▶ **What you need to do**: With the pictures left out, write out the records verbatim.

[Recorded data]

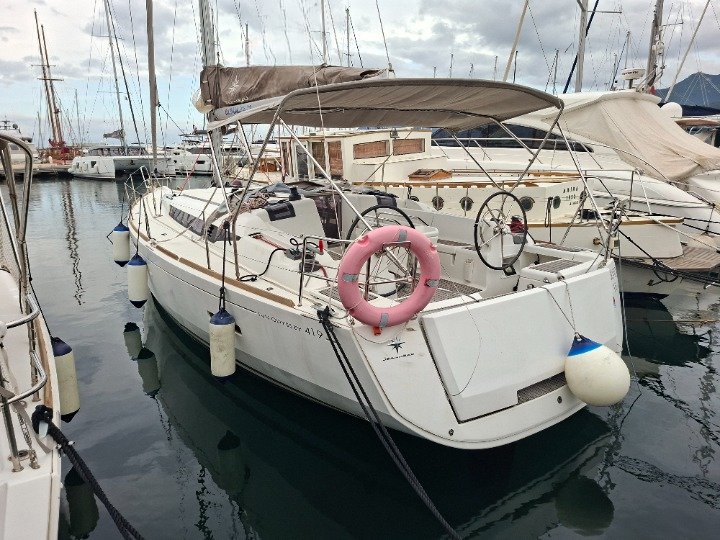 Sun Odyssey 419 - 3 cab. — photo 3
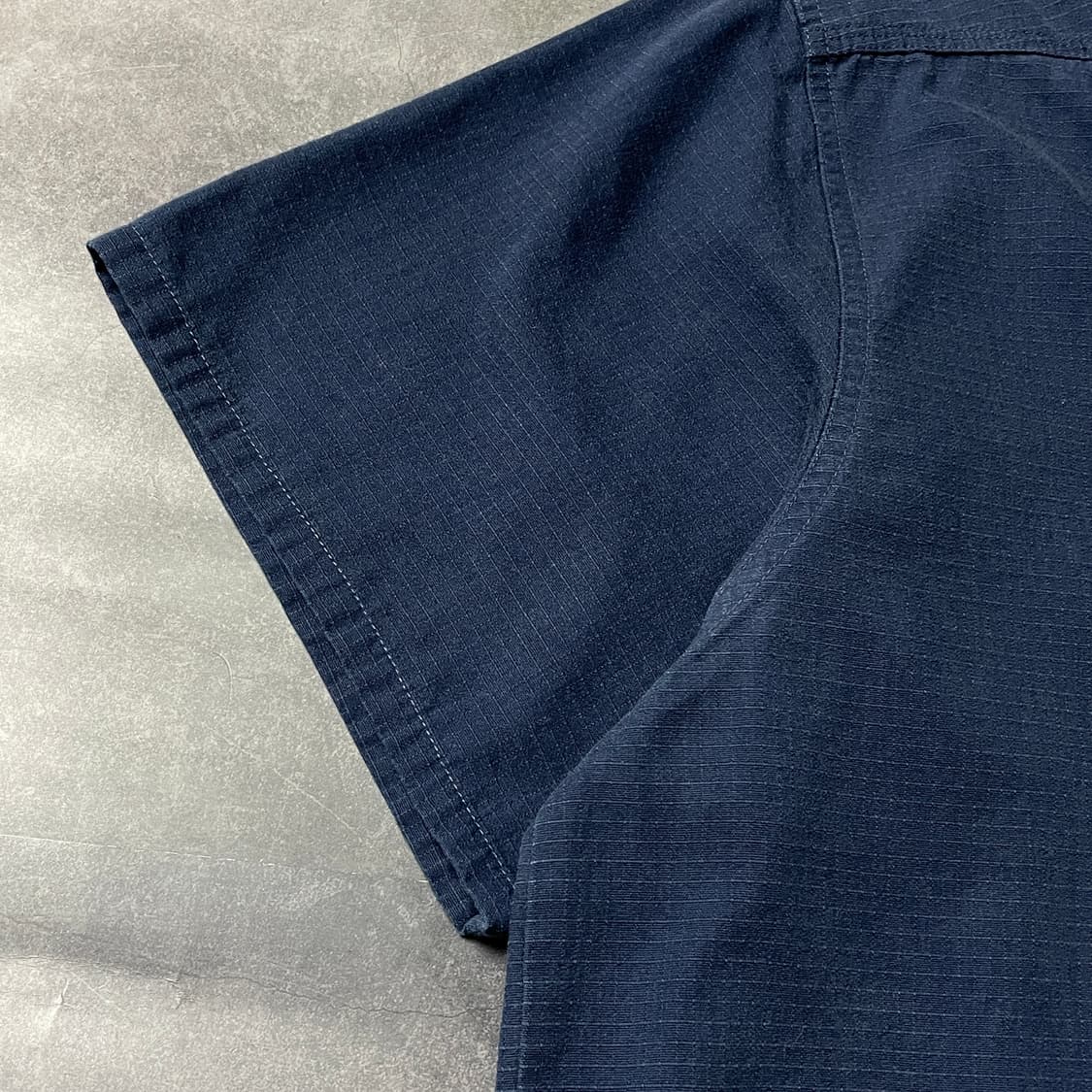 CARHARTT 칼하트 네이비 리프스탑 브이넥 워크반팔티셔츠 A01059 상품이미지5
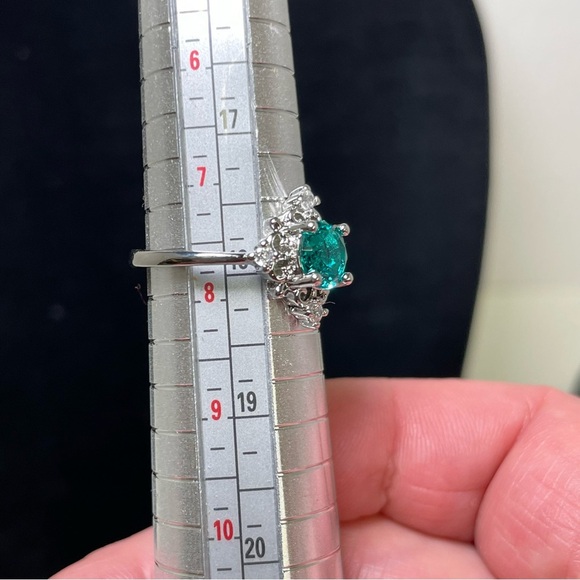 Elegant Silver Tone and Teal and Cubic Zirconia Ring Size 7.75 - Picture 5 of 5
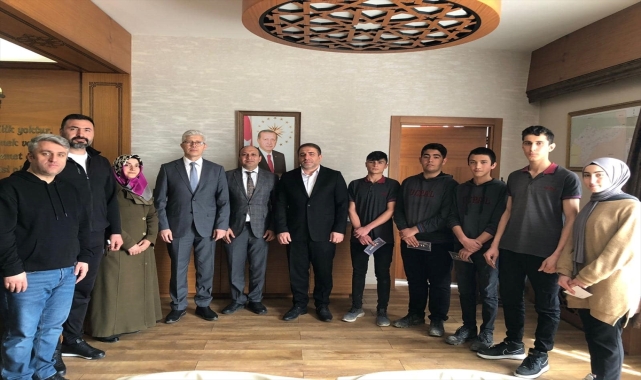 Sivas'taki yarışmalarda dereceye giren öğrenciler Kaymakam Selçuk Baş'ı ziyaret etti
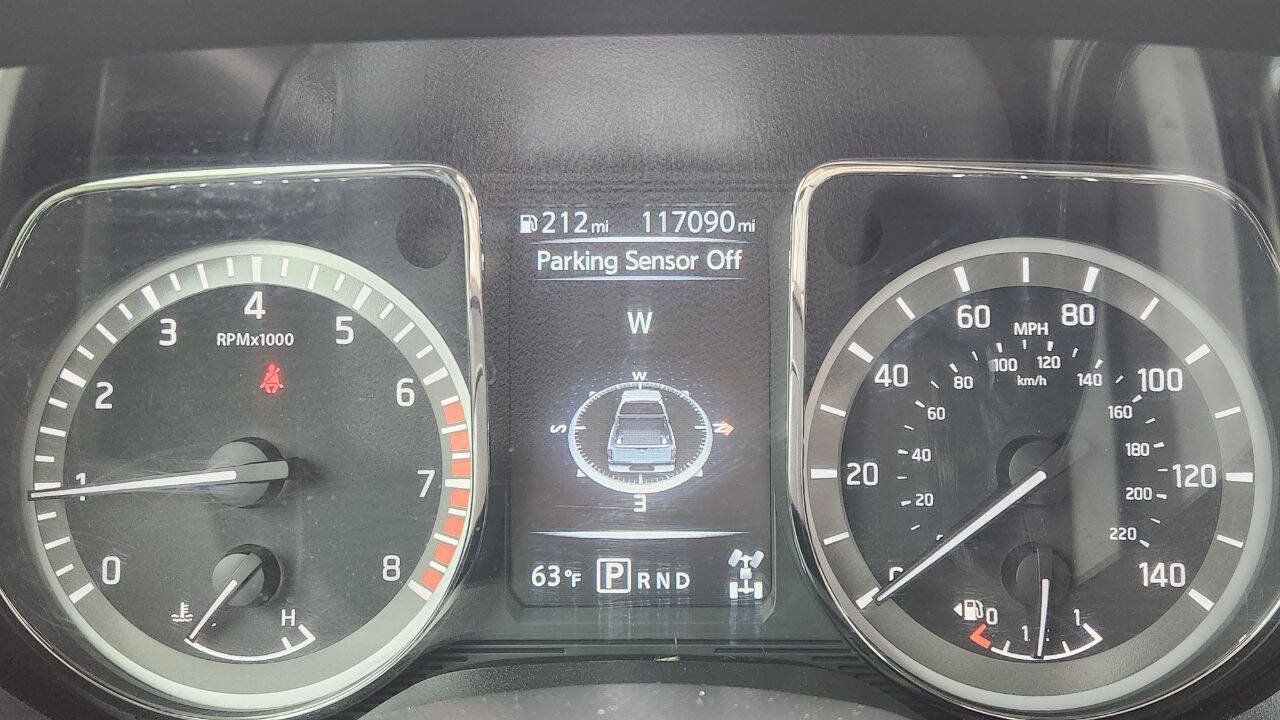 Used 2018 Nissan Titan PRO-4X AWD/4WD image 29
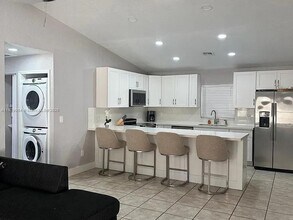 1840 Jefferson St in Hollywood, FL - Building Photo - Building Photo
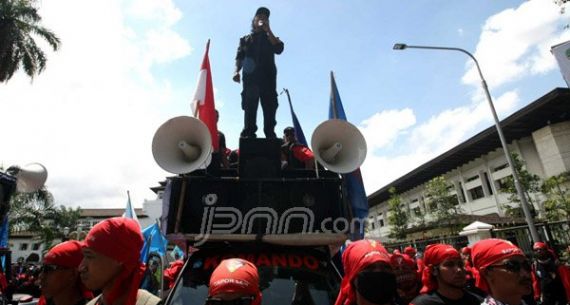 Sejumlah Buruh di Bandung Desak Aher Ubah Upah Sektoral - JPNN.com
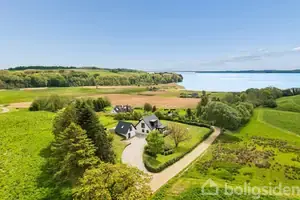 Villa på Strandvejen 116, 8721 Daugård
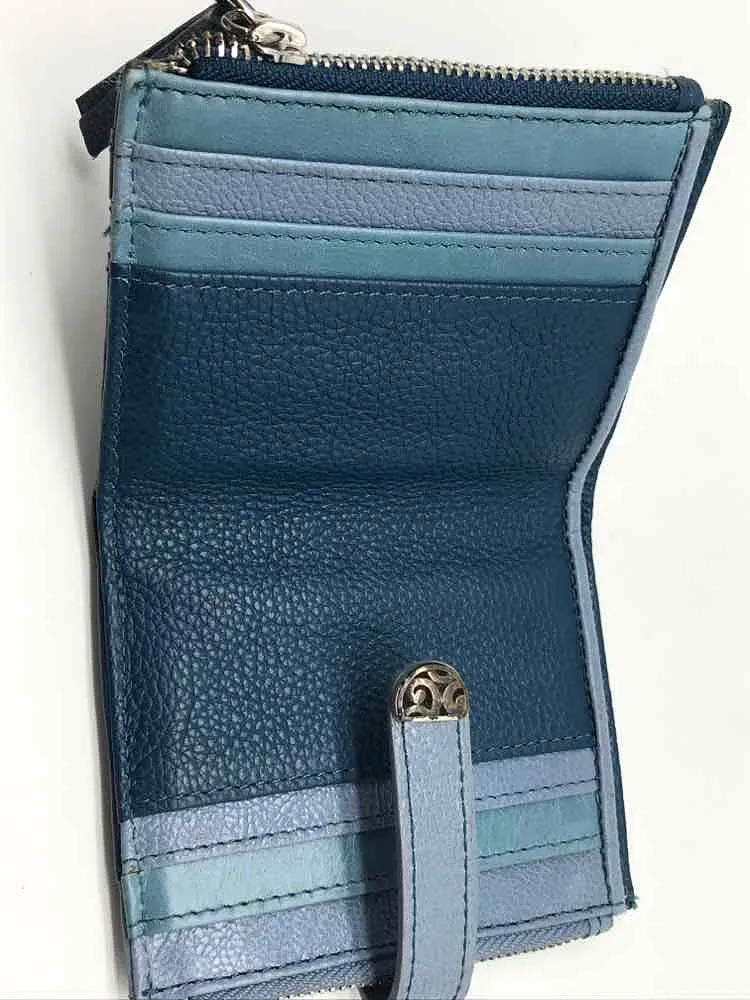 Pre-Owned Brighton Blue Wallet Clasp Wallet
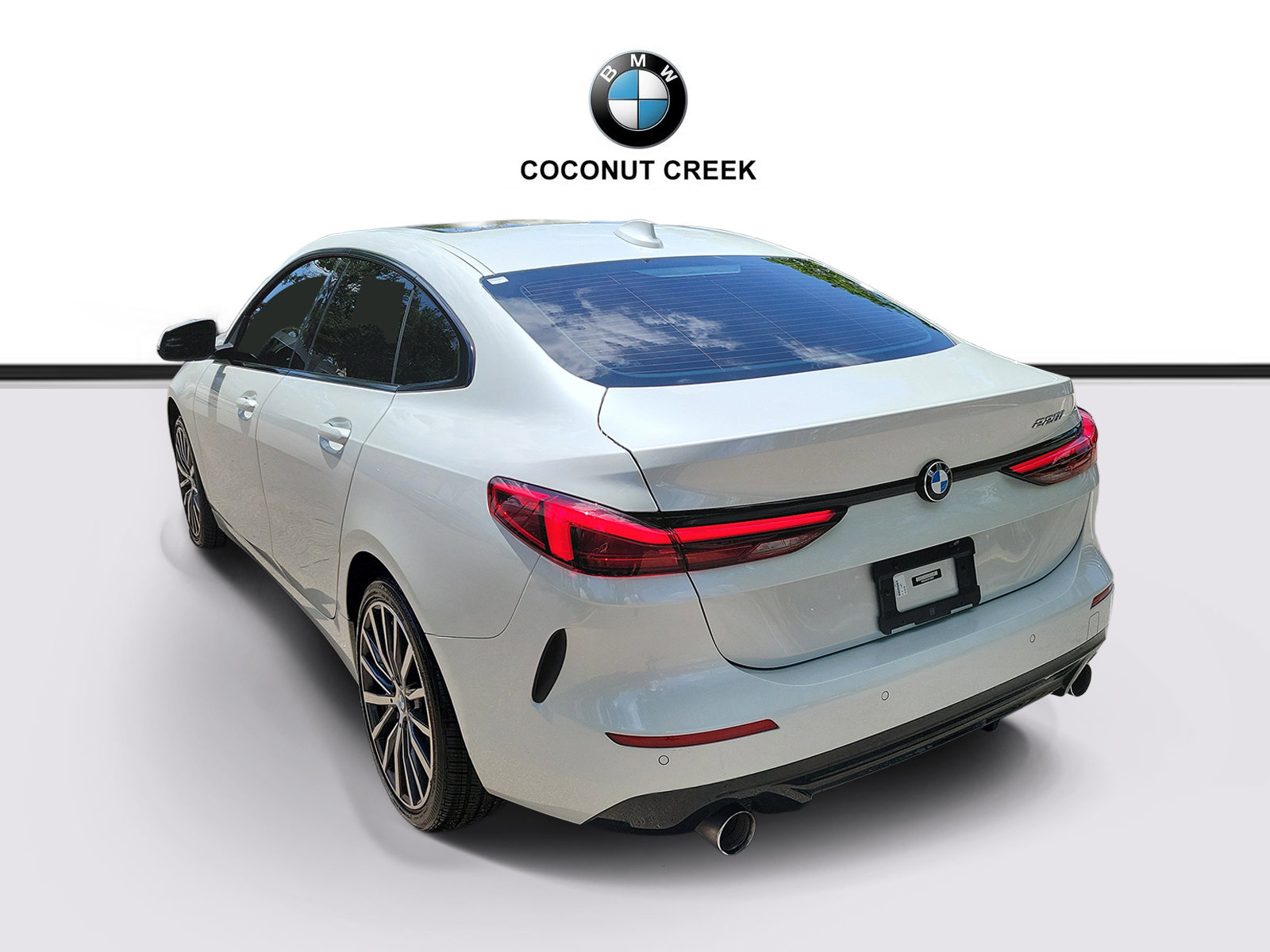 Used 2022 BMW 228i Gran Coupe w/ Convenience Package FWD image 3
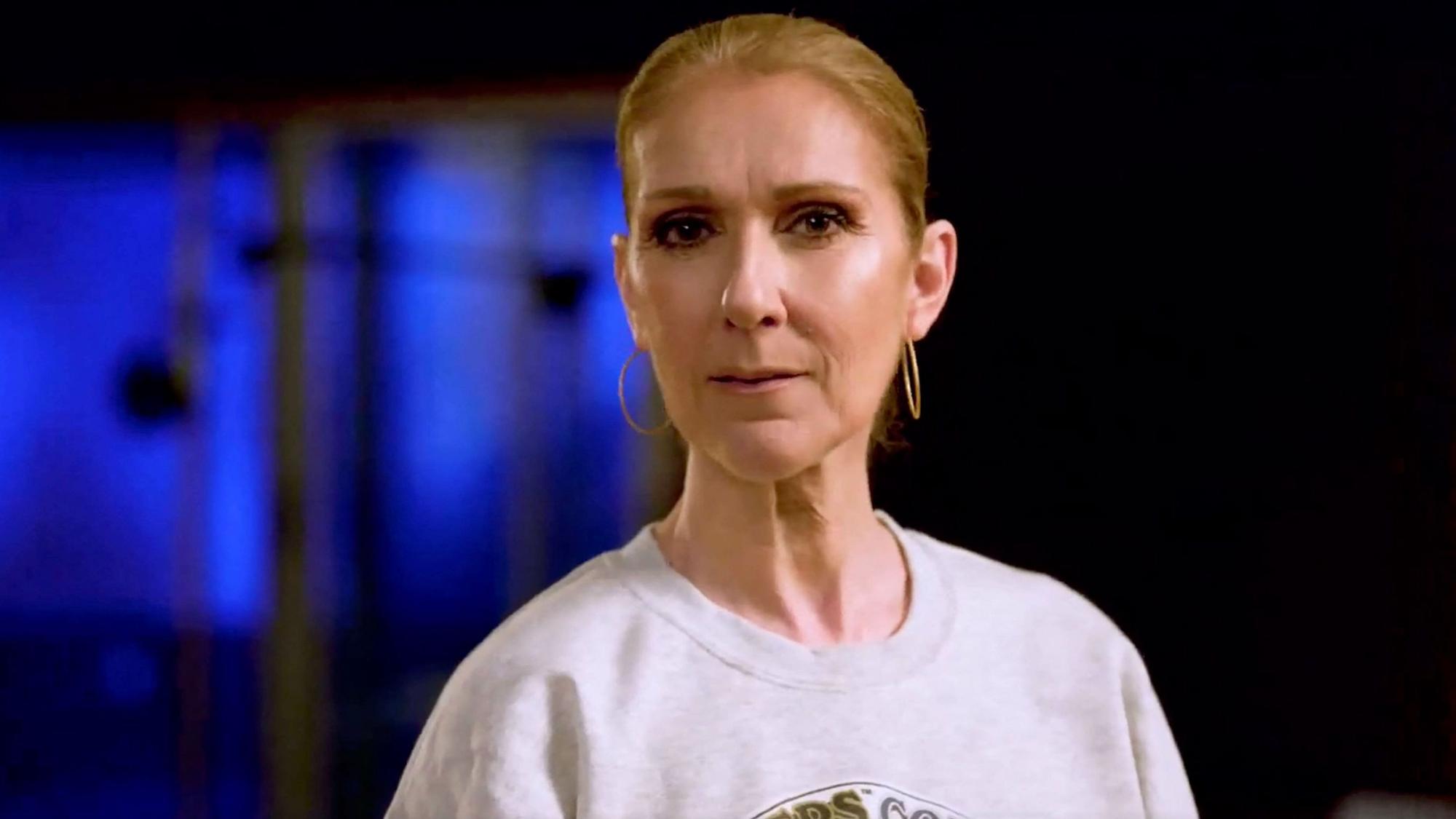 Nahaufnahme von Céline Dion. Jetzt hat sie verraten, warum ihr Auftritt beim ESC 2025 platzte.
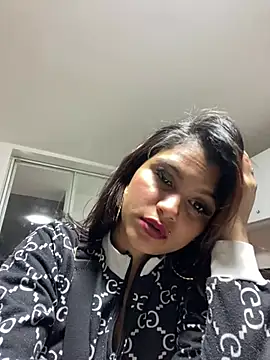 EmmySweett2 online show from 03-18-26, 01:58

[/Recorded data]

▶ **Written answer**:
 Sun Odyssey 419 - 3 cab. — photo 3
 CARHARTT 칼하트 네이비 리프스탑 브이넥 워크반팔티셔츠 A01059 상품이미지5
 Elegant Silver Tone and Teal and Cubic Zirconia Ring Size 7.75 - Picture 5 of 5
 Sivas'taki yarışmalarda dereceye giren öğrenciler Kaymakam Selçuk Baş'ı ziyaret etti
 Used 2018 Nissan Titan PRO-4X AWD/4WD image 29
 1840 Jefferson St in Hollywood, FL - Building Photo - Building Photo
 Sejumlah Buruh di Bandung Desak Aher Ubah Upah Sektoral - JPNN.com
 Villa på Strandvejen 116, 8721 Daugård
 Pre-Owned Brighton Blue Wallet Clasp Wallet
 Used 2022 BMW 228i Gran Coupe w/ Convenience Package FWD image 3
 Nahaufnahme von Céline Dion. Jetzt hat sie verraten, warum ihr Auftritt beim ESC 2025 platzte.
 EmmySweett2 online show from 03-18-26, 01:58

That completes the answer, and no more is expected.